» What you will do:
Copy, please, the line with "Paardenbloemkruid 75 gram" and each line that follows it through the end of the data below, exactly as given and without pictures.

(Exercise materials Opens)

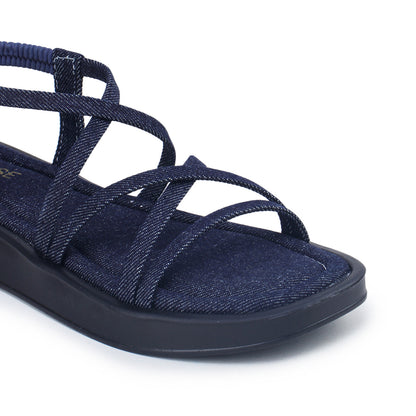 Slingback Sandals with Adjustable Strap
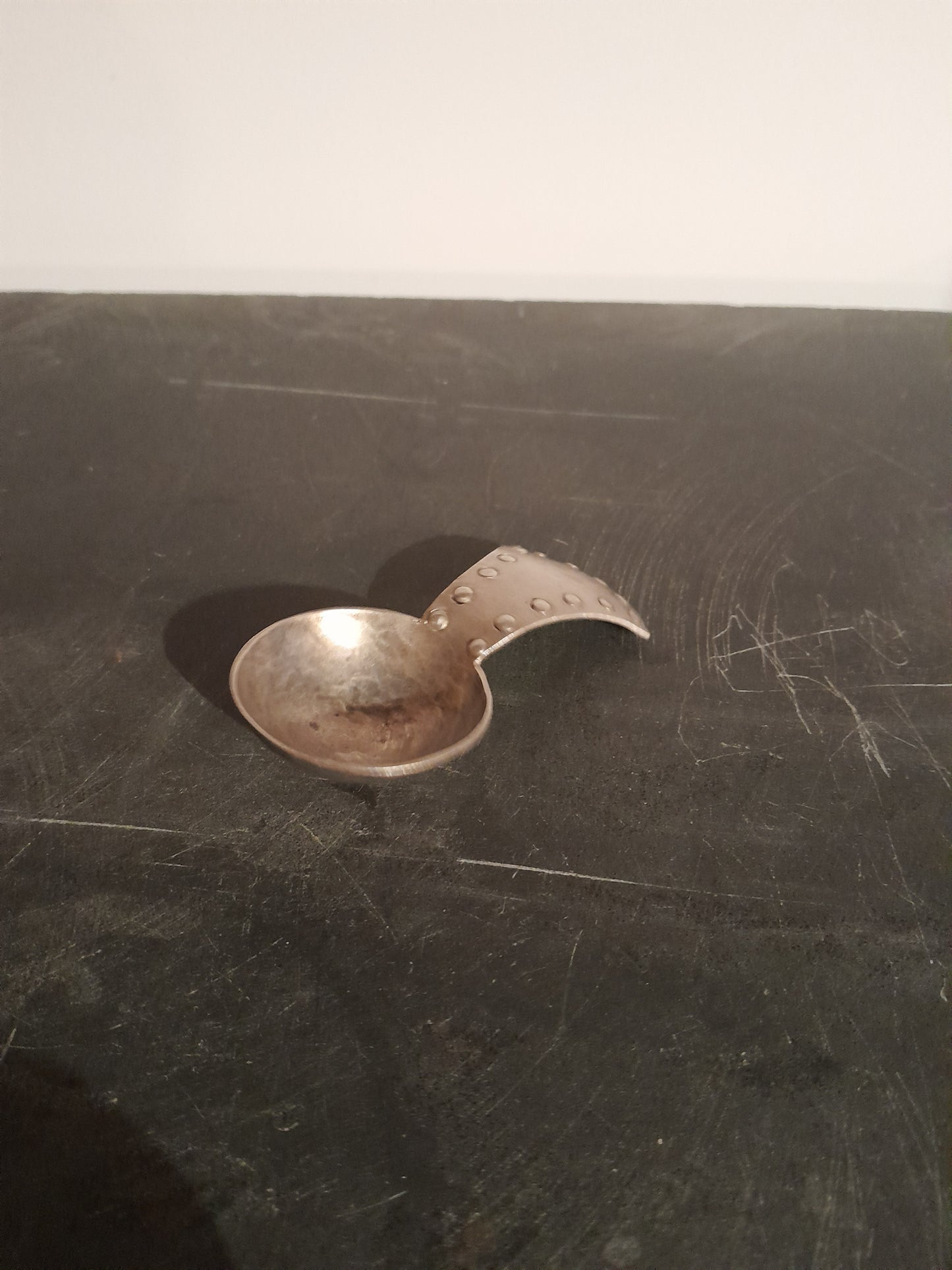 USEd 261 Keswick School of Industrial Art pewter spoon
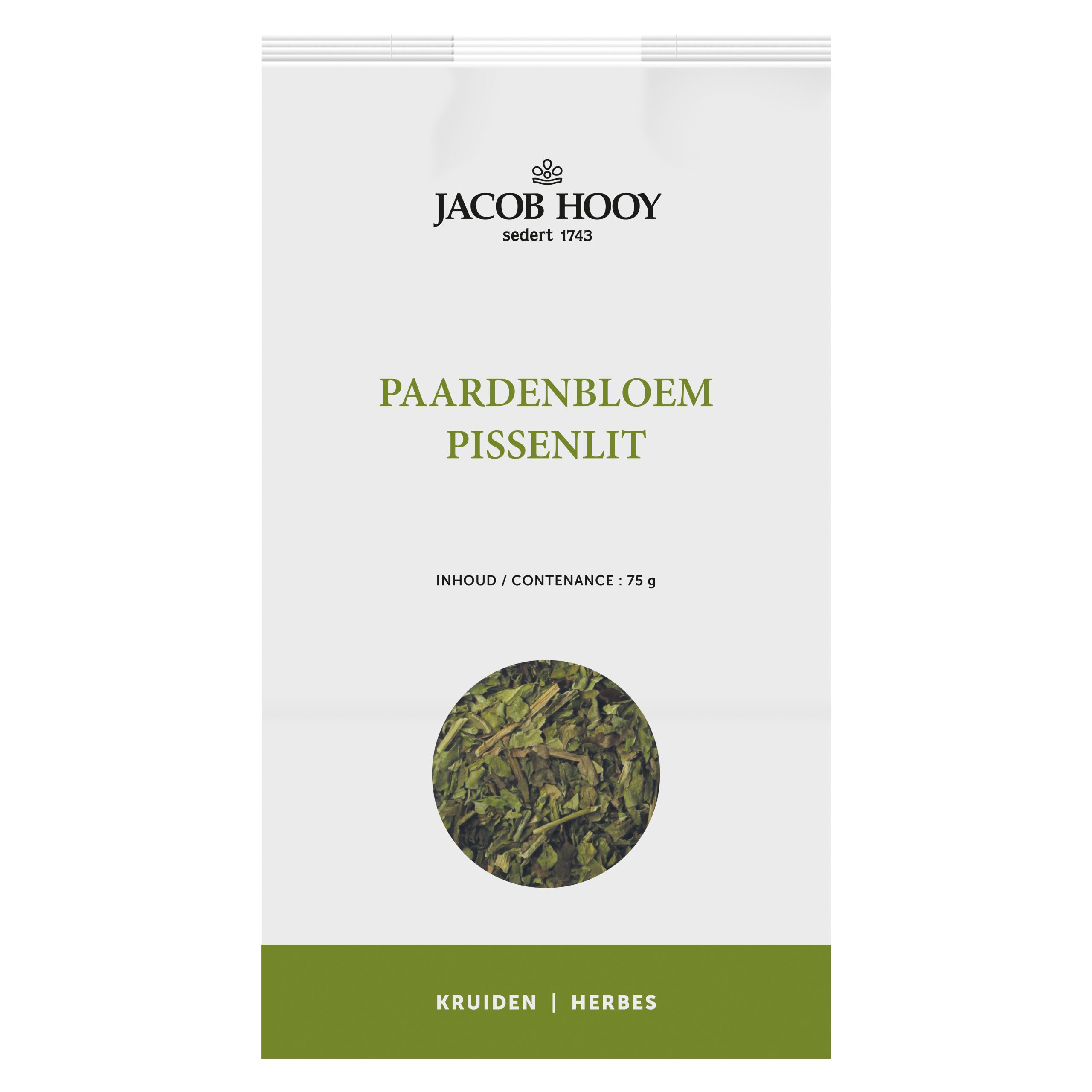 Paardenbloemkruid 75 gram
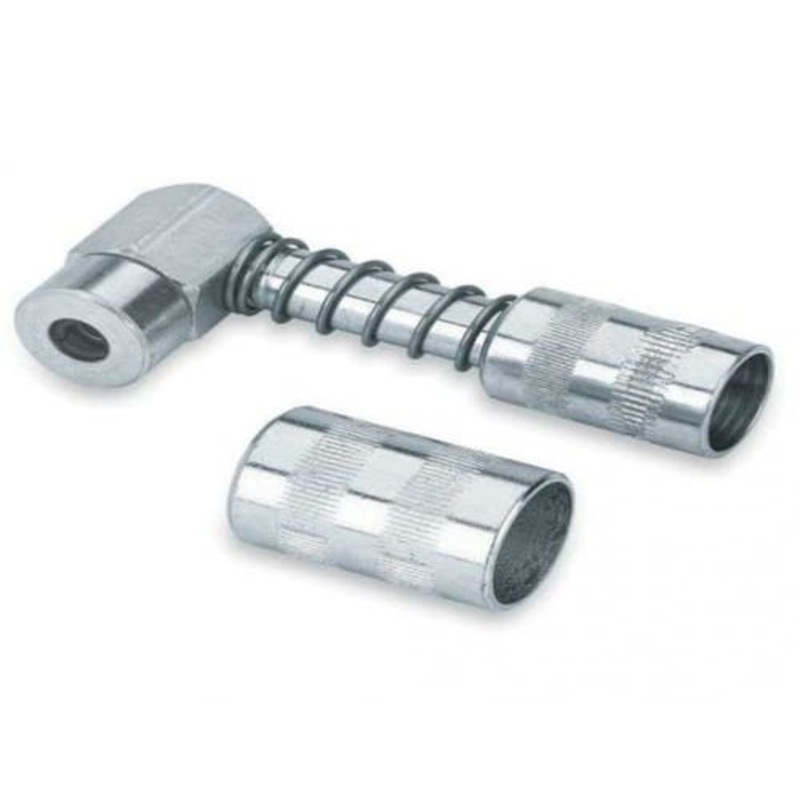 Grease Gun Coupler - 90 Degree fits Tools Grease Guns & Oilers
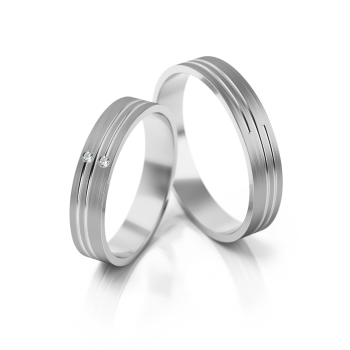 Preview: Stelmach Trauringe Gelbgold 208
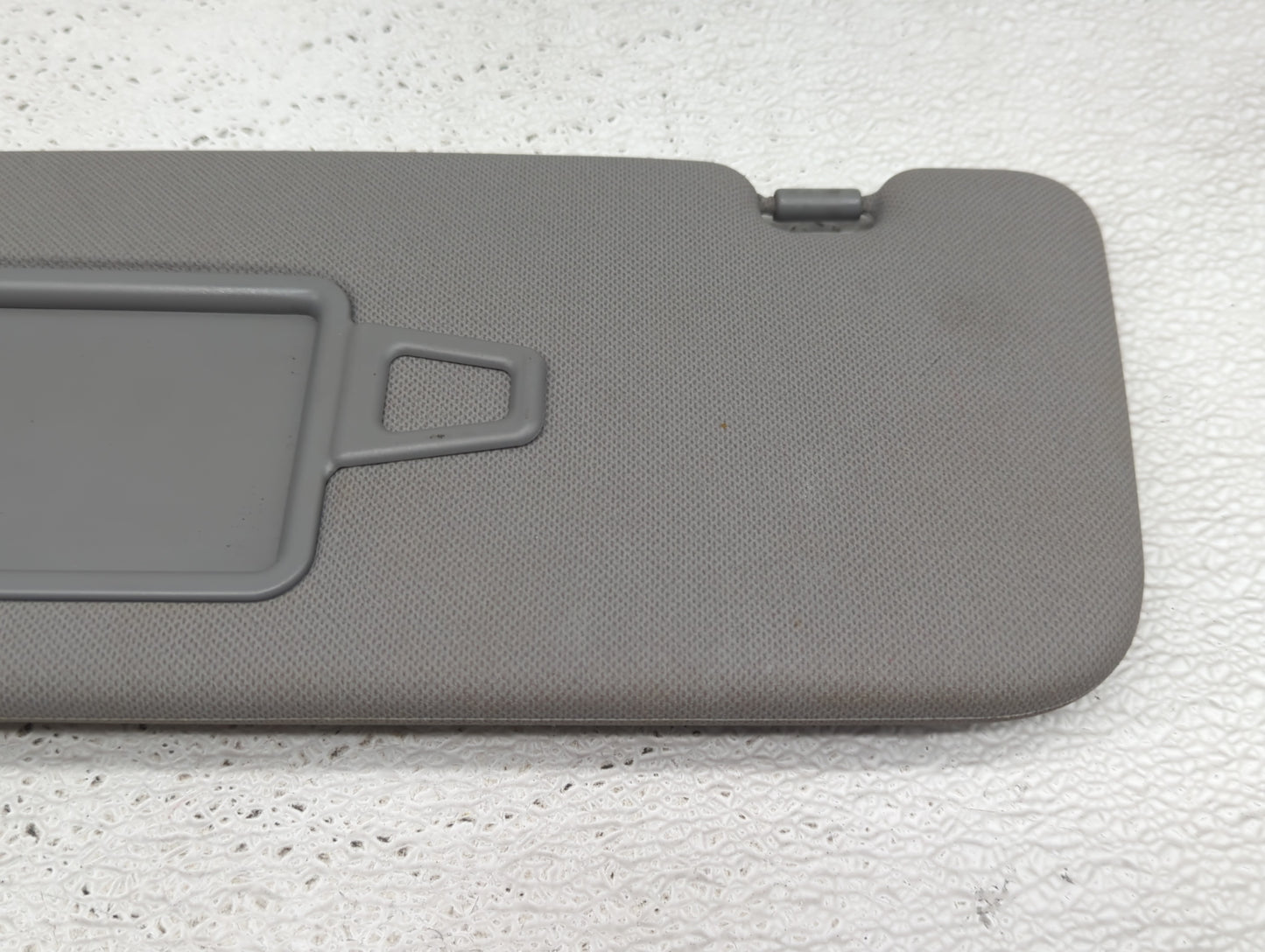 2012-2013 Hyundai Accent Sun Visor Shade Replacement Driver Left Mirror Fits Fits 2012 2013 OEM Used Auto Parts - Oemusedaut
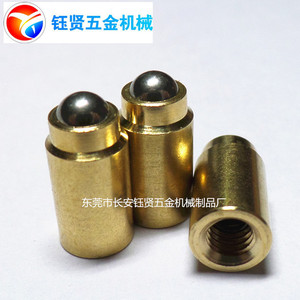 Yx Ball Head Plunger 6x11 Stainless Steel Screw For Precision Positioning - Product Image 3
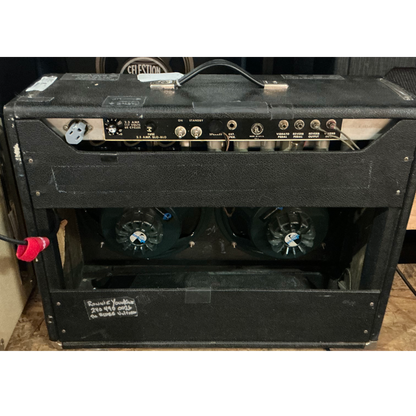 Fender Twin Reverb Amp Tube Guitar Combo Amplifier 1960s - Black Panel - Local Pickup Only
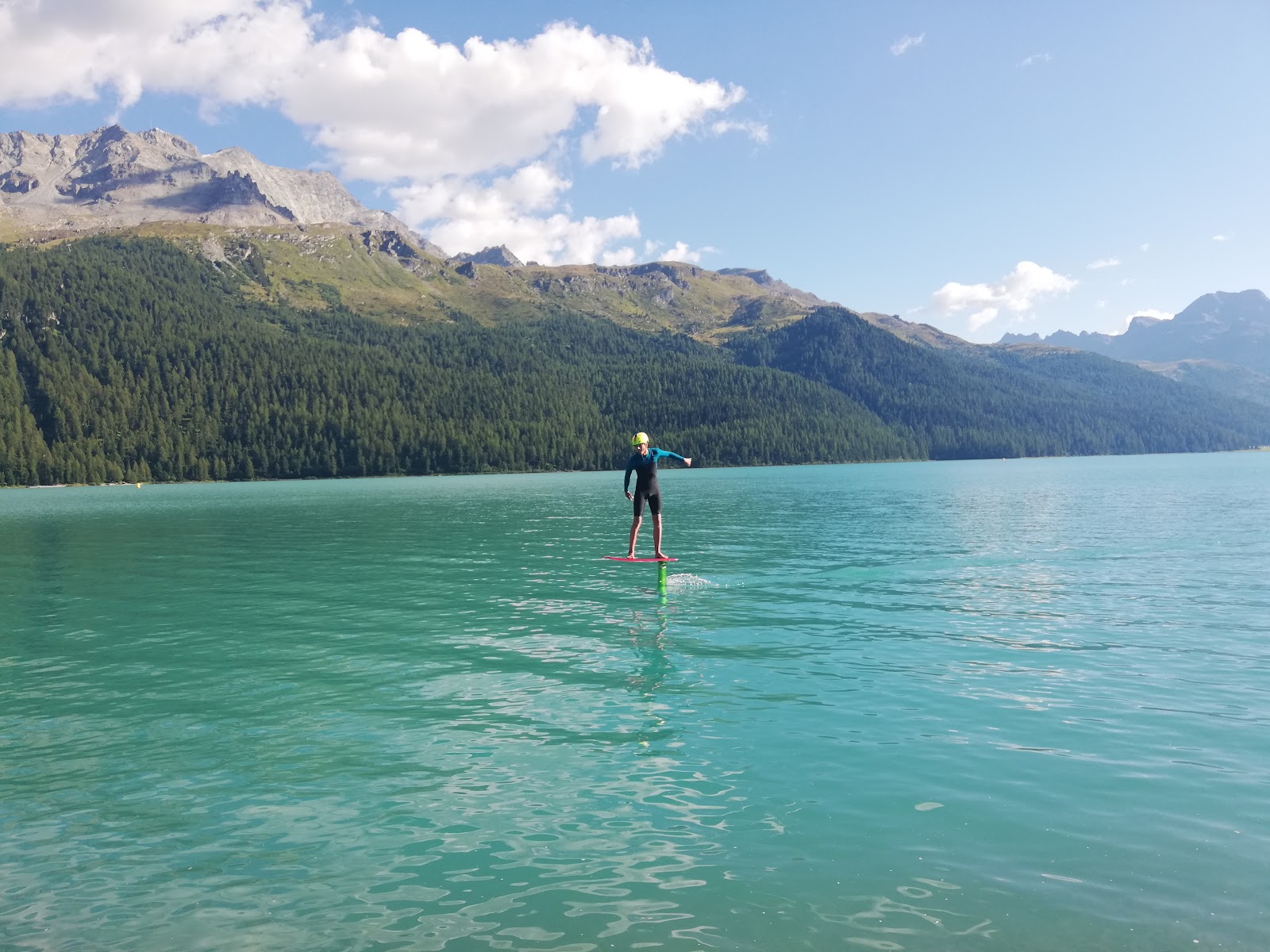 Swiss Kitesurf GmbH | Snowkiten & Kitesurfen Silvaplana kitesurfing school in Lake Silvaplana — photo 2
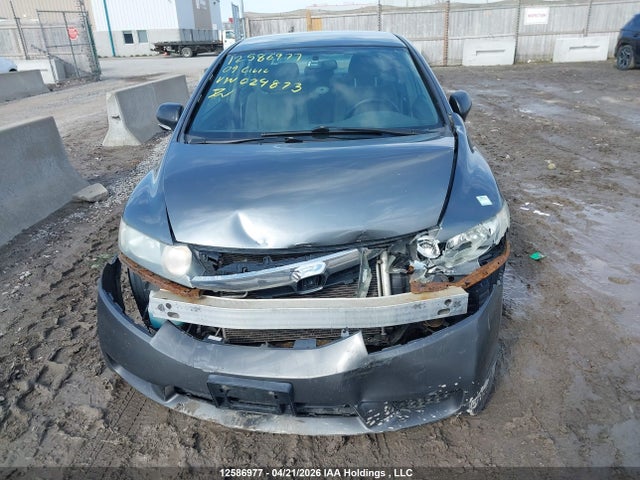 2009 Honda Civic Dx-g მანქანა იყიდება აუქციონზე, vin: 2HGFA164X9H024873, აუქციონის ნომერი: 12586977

(Exercise materials Closes)

» Response box:
 Paardenbloemkruid 75 gram
 Grease Gun Coupler - 90 Degree fits Tools Grease Guns & Oilers
 Preview: Stelmach Trauringe Gelbgold 208
 2012-2013 Hyundai Accent Sun Visor Shade Replacement Driver Left Mirror Fits Fits 2012 2013 OEM Used Auto Parts - Oemusedaut
 Yx Ball Head Plunger 6x11 Stainless Steel Screw For Precision Positioning - Product Image 3
 Fender Twin Reverb Amp Tube Guitar Combo Amplifier 1960s - Black Panel - Local Pickup Only
 Swiss Kitesurf GmbH | Snowkiten & Kitesurfen Silvaplana kitesurfing school in Lake Silvaplana — photo 2
 2009 Honda Civic Dx-g მანქანა იყიდება აუქციონზე, vin: 2HGFA164X9H024873, აუქციონის ნომერი: 12586977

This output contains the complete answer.